What the exercise asks:
The listing below holds a line with "<h4>Anthurium andr. 'Joli Peach'</h4>" and a later line with "Elegant floral collection". Write out those two lines and every line between them, exactly, and nothing else.

Records for the task:
>>>

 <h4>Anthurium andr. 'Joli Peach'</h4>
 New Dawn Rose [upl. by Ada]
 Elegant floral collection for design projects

<<<
>>>

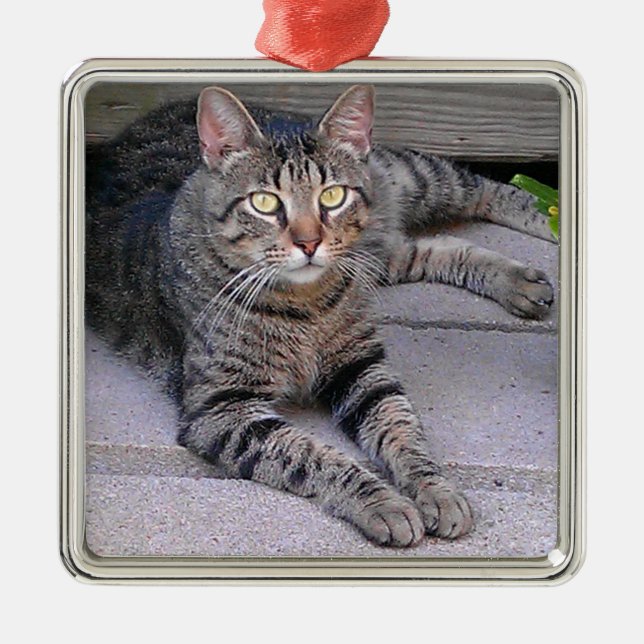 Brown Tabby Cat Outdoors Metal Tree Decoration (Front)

<<<

Exercise output:
 <h4>Anthurium andr. 'Joli Peach'</h4>
 New Dawn Rose [upl. by Ada]
 Elegant floral collection for design projects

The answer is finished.